An Exact Diagonalization Demonstration of Incommensurability and Rigid Band Filling for N Holes in the t-J Model

TL;DR

This study uses exact diagonalization to analyze incommensurability and band filling in the t-J model with multiple holes, revealing how ground state momentum shifts relate to incommensurate order and rigid-band filling.

Contribution

It demonstrates the incommensurability in the t-J model with multiple holes using a novel 16-site lattice and clarifies the relationship between ground state momentum and band filling.

Findings

Ground state shifts away from antiferromagnetic ordering with increasing holes.

Incommensurability occurs only when single hole ground state has momentum (pi/2, pi/2).

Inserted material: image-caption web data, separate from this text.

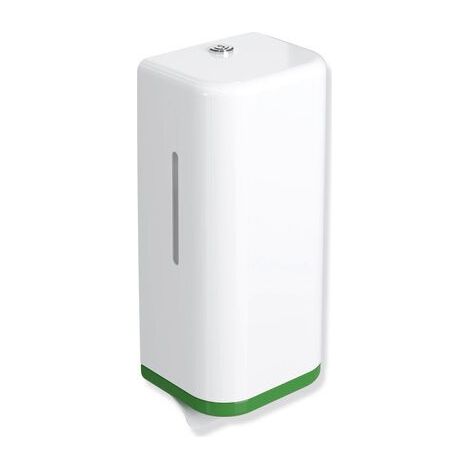 HEWI 477.06.10198 Distributeur de savon 72, manuel (1/3)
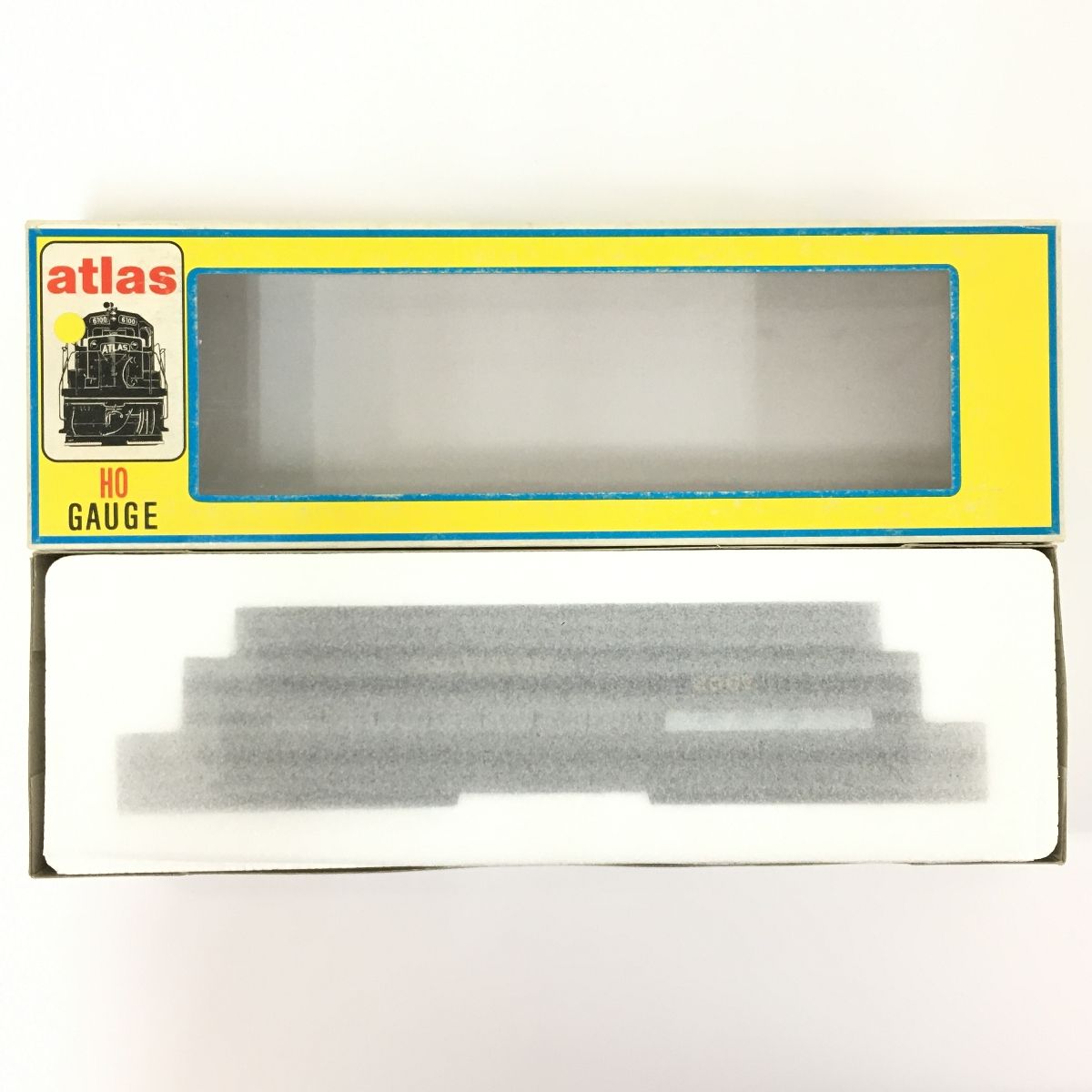 ATLAS アトラス HOゲージ No.8242 GP-7 Diesel ディーゼル機関車 SOUTHERN ♯2067 鉄道模型 N10536341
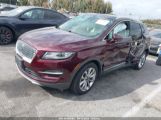 LINCOLN MKC SELECT photo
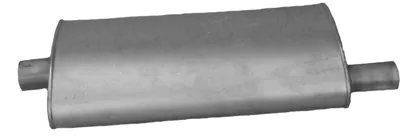 Silenciador posterior Jeep GRAND CHEROKEE I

Occupied momentum states are confirmed to be at (±pi/2, ±pi/2) in many-hole ground states.

Abstract

We have calculated S(q) and the single particle distribution function <n(q)> for N holes in the t - J model on a non--square sqrt{8} X sqrt{32} 16--site lattice with periodic boundary conditions; we justify the use of this lattice in compariosn to those of having the full square symmetry of the bulk. This new cluster has a high density of vec k points along the diagonal of reciprocal space, viz. along k = (k,k). The results clearly demonstrate that when the single hole problem has a ground state with a system momentum of vec k = (pi/2,pi/2), the resulting ground state for N holes involves a shift of the peak of the system's structure factor away from the antiferromagnetic state. This shift effectively increases continuously with N. When the single hole problem has a ground state with a momentum that is not equal to k = (pi/2,pi/2), then the above--mentioned incommensurability for N holes is not found. The results for the incommensurate ground states can be understood in terms of rigid--band filling: the effective occupation of the single hole k = (pi/2,pi/2) states is demonstrated by the evaluation of the single particle momentum distribution function <n(q)>. Unlike many previous studies, we show that for the many hole ground state the occupied momentum states are indeed k = (+/- pi/2,+/- pi/2) states.